A veces he pensado en qué época de la Historia me habría gustado vivir. Recuerdo que éste era un tema que se abordaba con cierta frecuencia cuando teníamos veinte años, esa edad en que uno se encuentra tan mal en su piel que cree que es por culpa de lo que ocurre alrededor. Abundaban los partidarios del futuro, que deseaban saber lo que pasaría a mediados del siglo XXI o dentro de doscientos años. Fieles lectores de Julio Verne, auguraban adelantos estupendos que permitirían pasar el fin de semana en la Luna, alimentarse de pastillas o teletransportarse a cualquier lugar del mundo. En cambio, algunos preferíamos el pasado; pasear, por ejemplo, por las animadas calles de Pompeya (un día que no hubiera erupción del Vesubio a la vista, claro está), o ser testigo de las primeras noticias que llegaban desde un continente recién descubierto, lleno de misterios y de riquezas. El caso es que, fuéramos hacia delante o hacia atrás, todos coincidíamos en una cosa: la época que nos había tocado vivir era un desastre, una gris balsa de aceite.

¿Qué proporciona interés a un tiempo histórico? Sin duda, la presencia de acontecimientos que supongan algún cambio decisivo en la sociedad. Pero lo cierto es que, hasta nuevo aviso, el ser humano, solo o en compañía de otros, suele avanzar a base de luchas y conflictos. Consultados la literatura y el cine, por cada trama idílica centrada en el pasado o en el futuro existe un número mayor de obras que recrean o anticipan hostilidades y enfrentamientos mil. Desde "En busca del fuego" hasta "La guerra de las galaxias", pasando por "Alatriste" o "Barry Lindon", la contabilidad de la Historia se lleva sobre un debe y haber hecho de batallas y matanzas, rasgo común a todo tiempo y lugar. Según eso, en buena lógica, no existirían épocas interesantes o anodinas. Y es que, aunque en nuestro entorno inmediato no se esté produciendo un conflicto, seguro que dos países más a la derecha o a la izquierda están dándose estopa y creando, por lo tanto, un escenario lleno de interés.

Pero, ¿qué es lo que resulta interesante de verdad, el arte o la vida real? ¿Fueron épicos el bombardeo de Guernica o los fusilamientos del tres de mayo, o más bien la épica reside en la visión de Picasso y Goya? Algo me dice que a los veinte años confundíamos una cosa con otra, y suspirábamos por unas emociones que, llevadas a ras de suelo existencial, no resisten la comparación con las artísticas. Hoy un análisis sosegado de las noticias nos proporciona material para el insomnio más allá de las temperaturas veraniegas; pensando en global, a las malas perspectivas económicas y medioambientales se suma el bajo continuo de la tensión geopolítica en Oriente Medio.
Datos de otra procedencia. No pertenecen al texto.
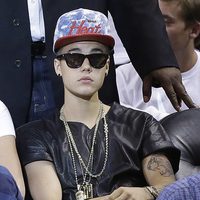 Justin Bieber viendo un partido de la NBA en Miami
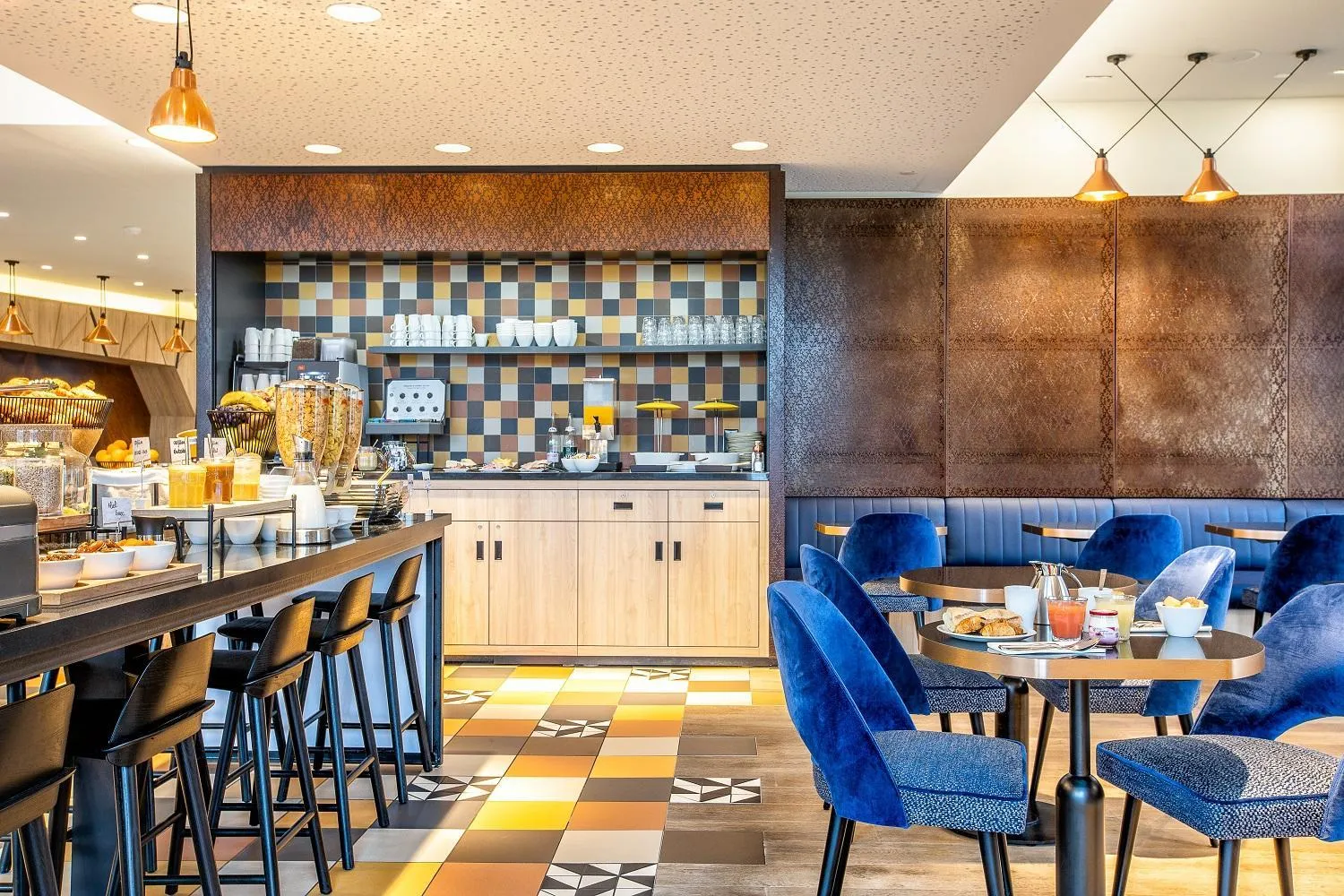 Restaurant/places to eat in Hôtel Mercure Paris Gennevilliers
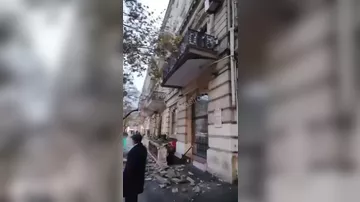 "Sahil" metrosunun yaxınlığında balkon uçub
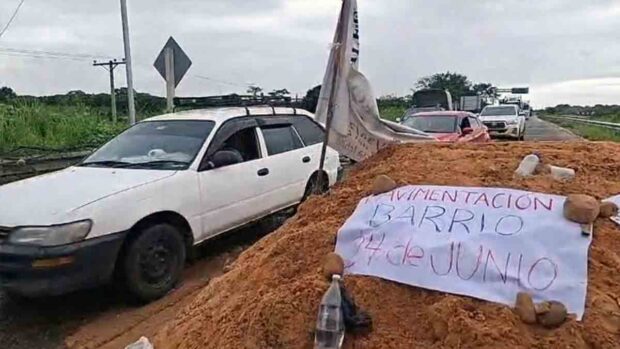 vehículos atraviesan el punto de bloqueo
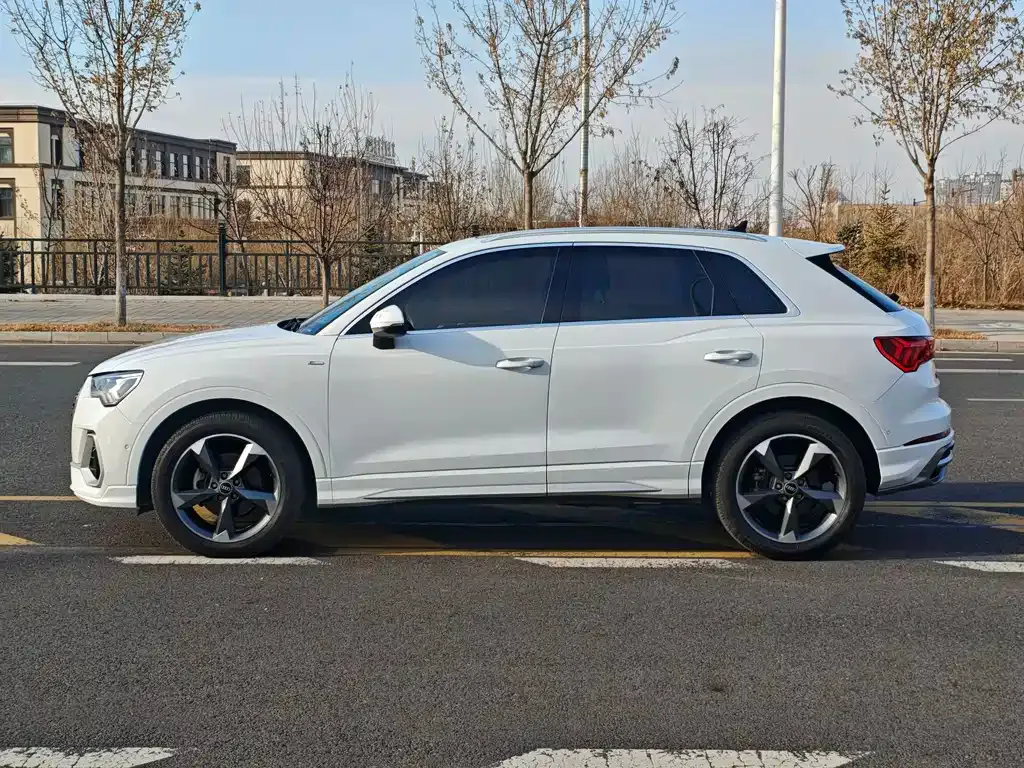 Audi Q3 2021 из CN, фото 8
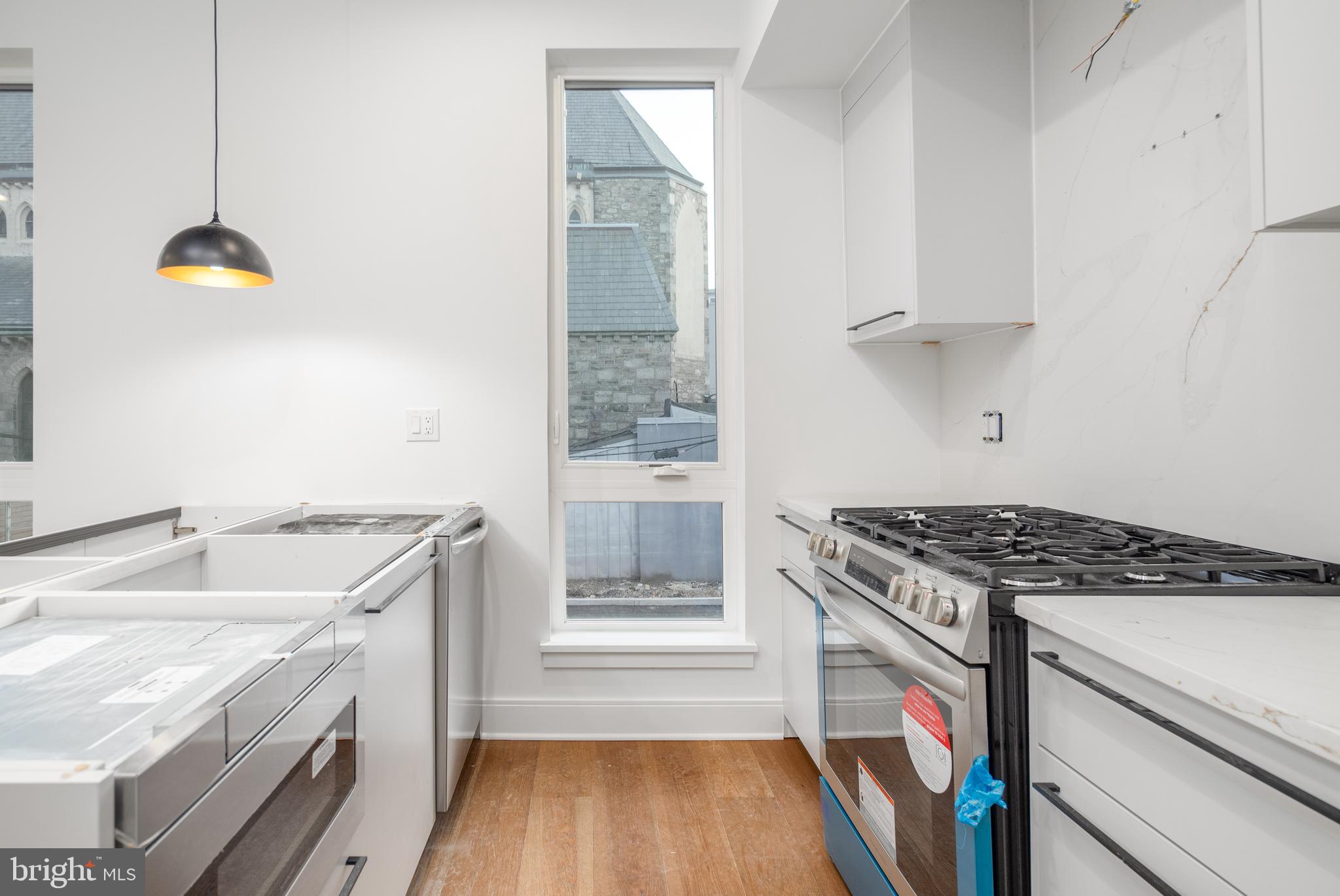 308 REED STREET 2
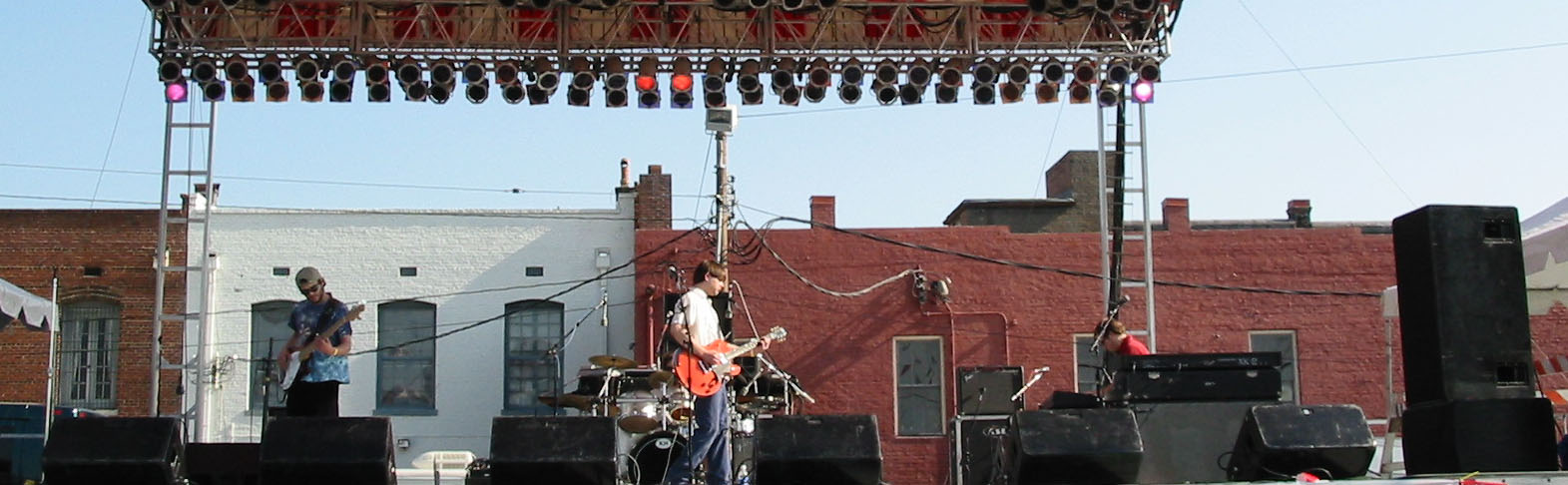 KING HIPPO live performance photo 15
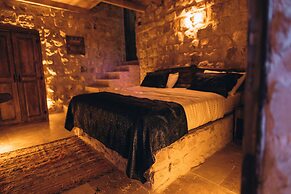 İsadora Cave Cappadocia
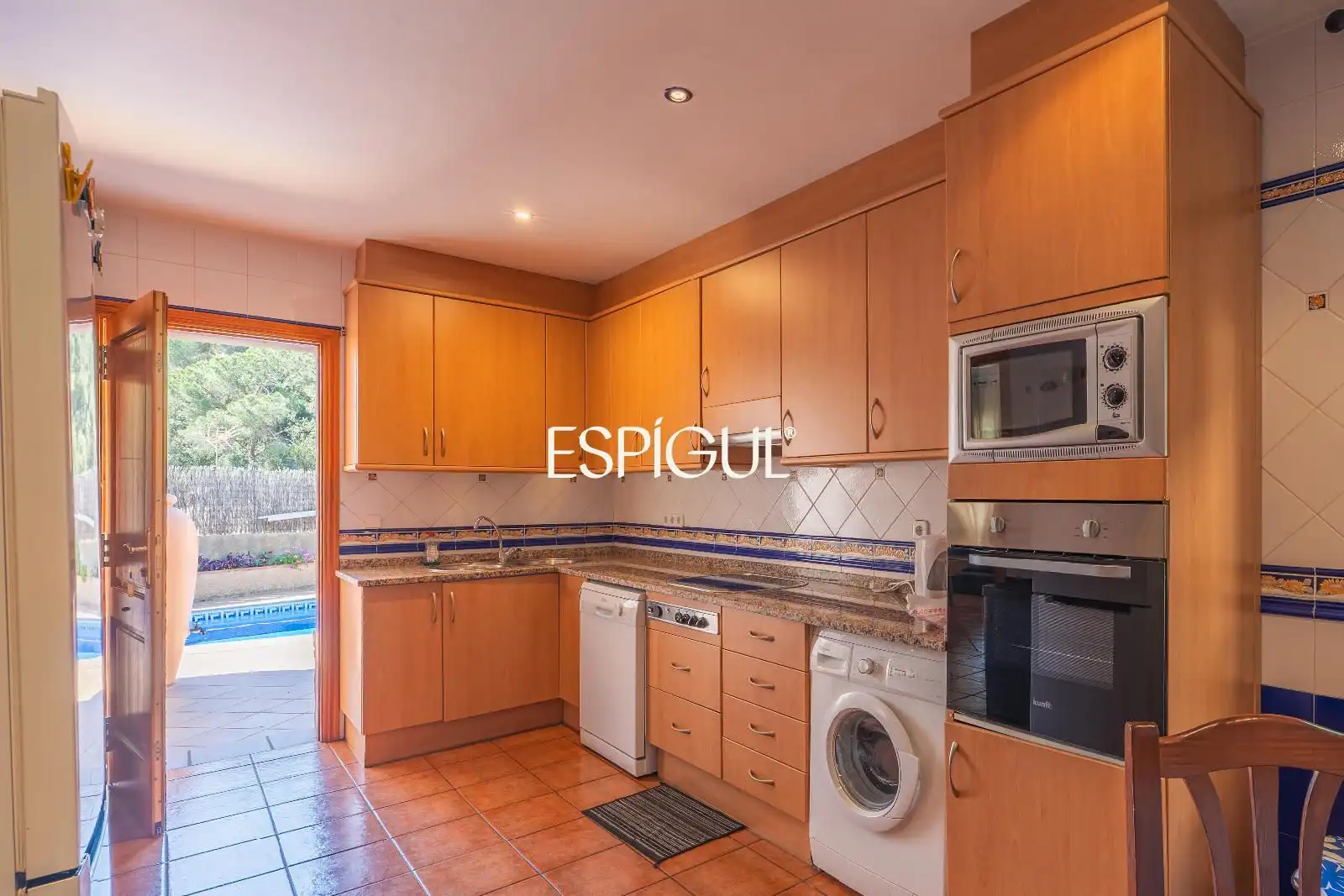 Kitchen of Houses for sale in Lloret de Mar  with Air Conditioner, Heating and Terrace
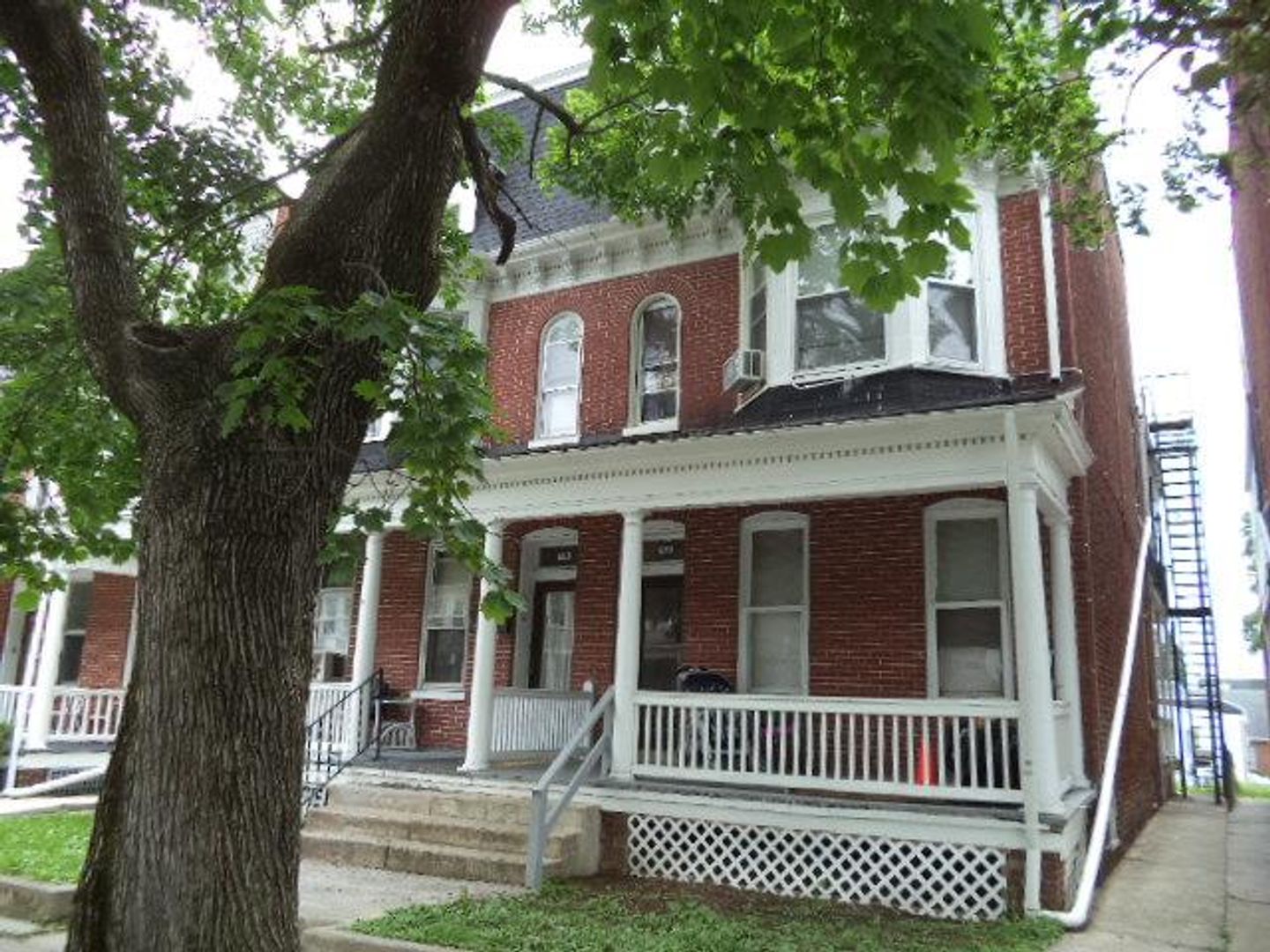 YORK Apartment: 652 PENNSYLVANIA AVE.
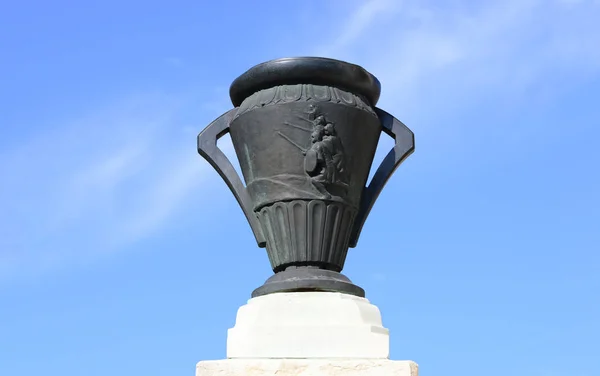 Drobeta Turnu Severin City Romania Monument Heroes Landmark Vase Detail — Stock Photo, Image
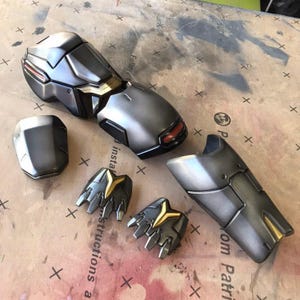Cosplay Cybernetic Arm armor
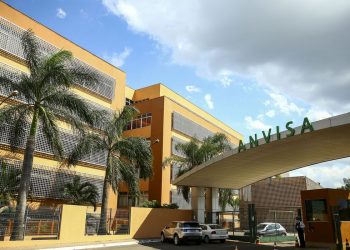Anvisa diz que ainda não recebeu nenhum pedido de vacina contra a covid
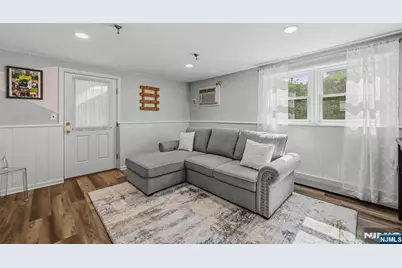 83 Moore Avenue, Waldwick, NJ 07463 - Photo 11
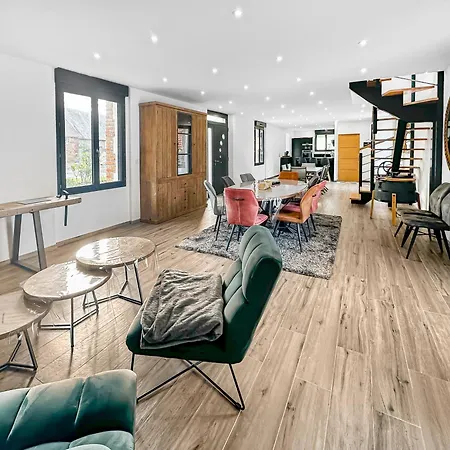 Chateau 20 Min Riviere Holiday home
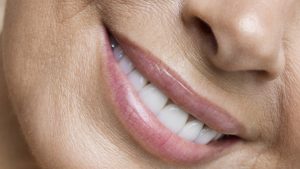 Mujer sonriendo muestra los dientes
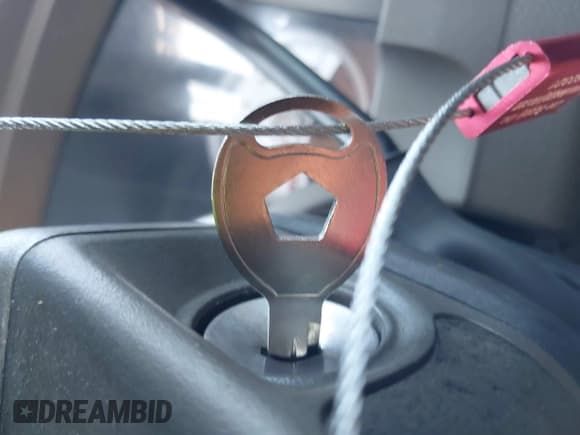 ✅ 2005 Dodge Dakota SLT • VIN: 1D7HW48N55S104123 • Lot: 42828730. Listed on IAAI with 141,913 mi. Free auction sales archive from the USA and detailed vehicle history report at DreamBid. Image 11.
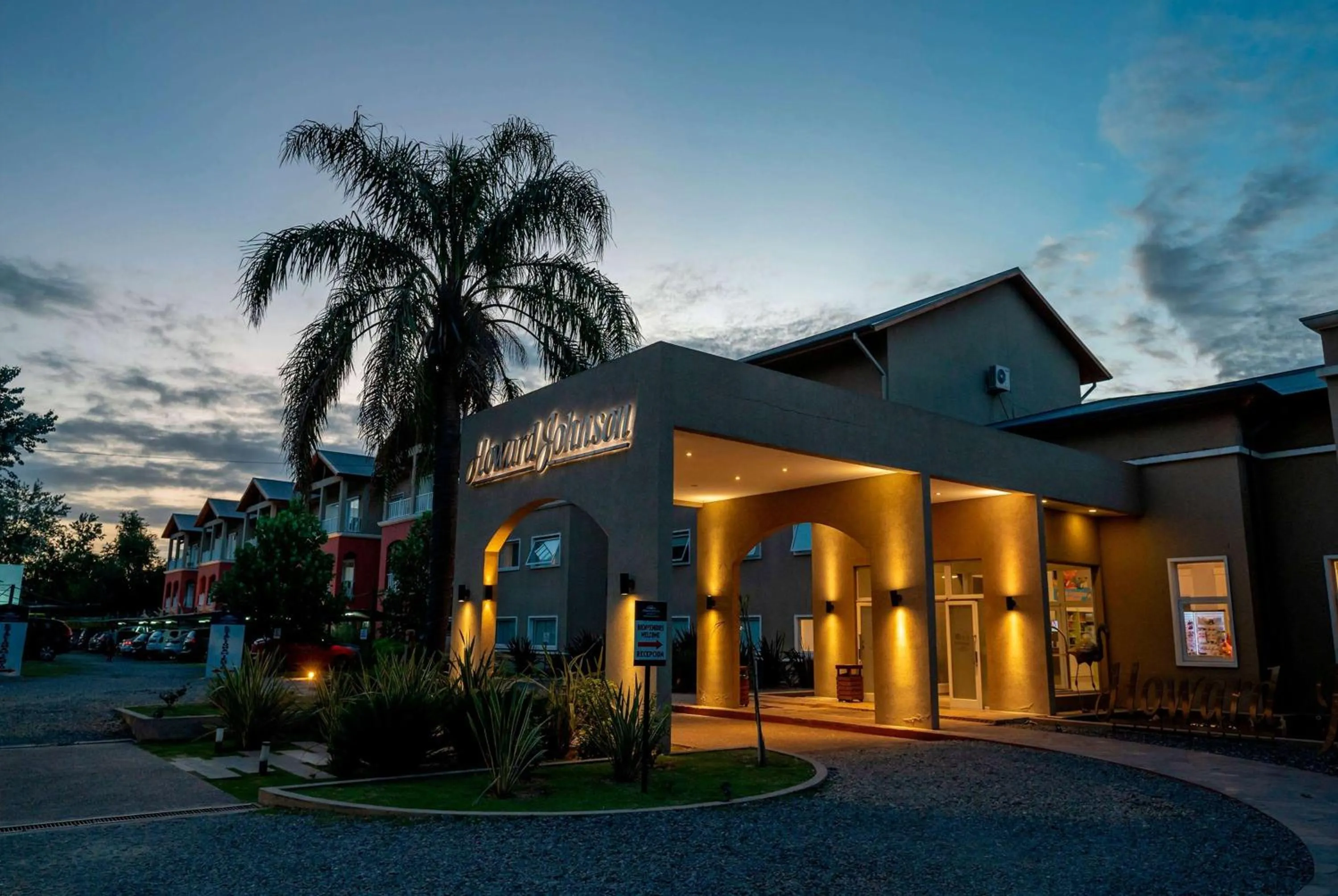 Property building in Howard Johnson Plaza Villa Carlos Paz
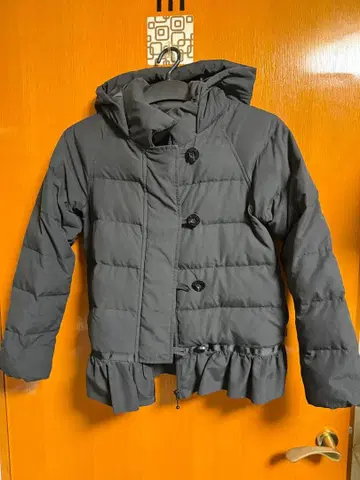 퀸즈 코트 프릴 달린 다운 자켓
Más cerca, aunque en Balears todo hace presagiar una buena temporada turística, también tenemos nuestros escándalos: un surtido de desatinos que van de lo financiero a lo sexual y que darían para montar más de una novela. Y después de todo esto, ¿habrá a quien le aburra nuestro tiempo? ¿Quién querría verse llevado a las campañas napoleónicas, a los tercios de Flandes o a un combate interestelar cuando la trinchera se encuentra en la propia casa, y el combate es saber si llegaremos a fin de mes después de pagar el plazo de la hipoteca y el recibo de la luz?